古人说天下靖平,偃文修武,当归马于戈壁之阳,放牛于桃林之野,再次踏上来时路,万千将士想象着与家人团聚的桃园生活,心情却异常地平静,很多人心里甚至空落落的,不知久违的家乡还有没有亲人在等着他们。

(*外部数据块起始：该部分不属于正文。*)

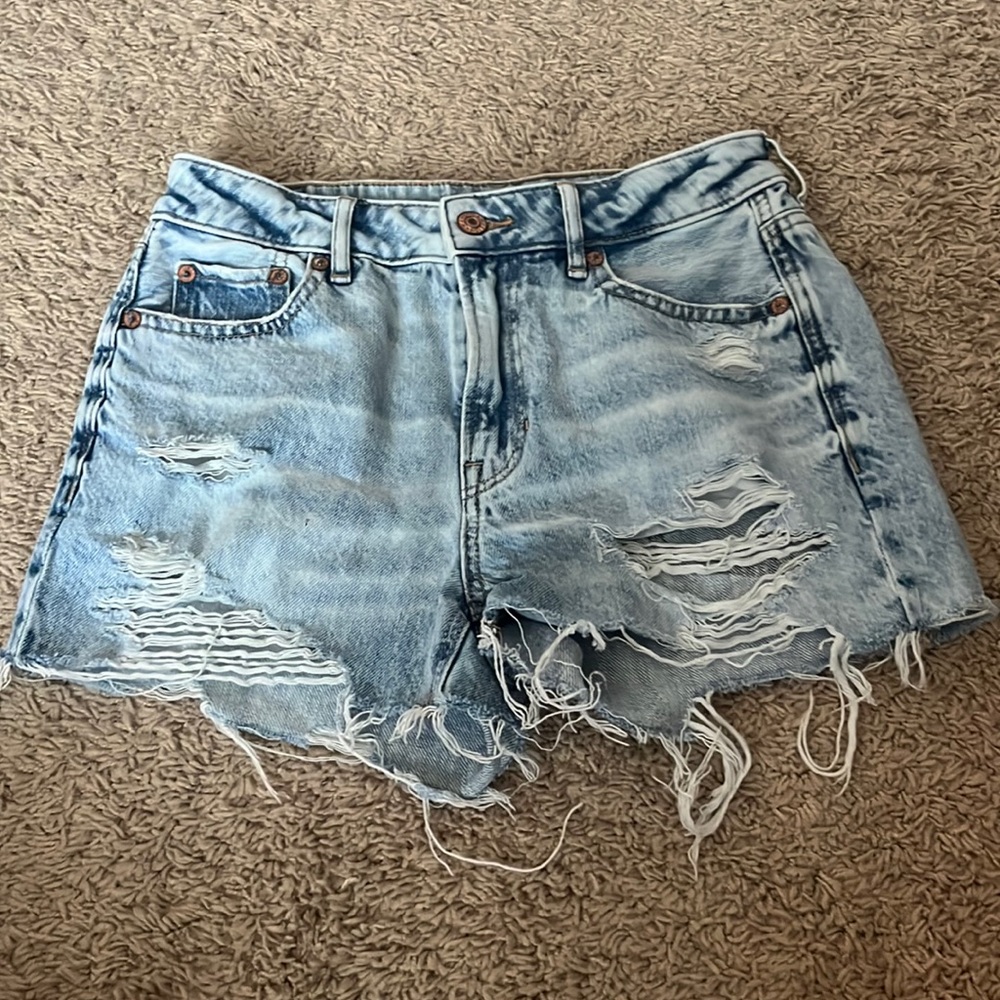 American Eagle ripped jean shorts • Size 00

青山绿水似旧时,风光仍是旧风光,红尘故人却已物是人非。
大军出临江关时,正见一丛飞鸟翔集云天,盘桓过冲天云峰向着北方飞去,好似也踏上了归程。众人凝望许久,渐渐释然,不论如何,这场仗终于打完了!
至此,风起群山,晦云散尽,时和岁稔,星河永霁。
返程途中,卫珩去了雁回山,在杨行策战死之地,亲手取了一抔泥沙带回西京。
雁回山横亘如屏,山翠苍茫,云光日影里掩映着鹏翼徘徊,湛蓝的天空中下一派静谧祥和,经过一个夏日的雨水,曾经的血色淋漓已被洗涤殆尽,好似那些凄楚惨烈都不曾存在过一般,只有碎石河滩上残留着几片断甲。
这风景,像极了秀水村的样子。
其实小时候,他和三哥关系最差,他调皮顽劣,放纵不羁,三哥生性沉冷,脾气暴戾,两个人动辄就要吵闹,若非阿翁和大哥镇着,有时候都要动手。卫珩是阿翁最喜欢的孩子,三哥则是孩子里唯一与阿翁有血亲的人,小孩子都希望自己是最特别的那个,为了赢得阿翁独一无二的疼爱,他们两个人时常暗中较劲。
可也是这个三哥,在危险来临时,一次次挡在了他的身前。卫珩常自责因他才使得阿翁和兄弟姐妹惨死,害三哥失去了唯一的亲人。
那些年里,三哥却从未有过一句怨言。
悲痛的帝王在雁回山洒下了一片泪水,紧握着那抔泥沙踏上了返回西京的路。
抵达西京后,卫珩追谥杨行策为北定烈王,为杨行策立了衣冠冢,将那抔泥沙置于棺中,以国葬之礼葬入皇陵,取得阮蟾光同意后,出继皇三子卫恂为北定烈王嗣子,封河间王。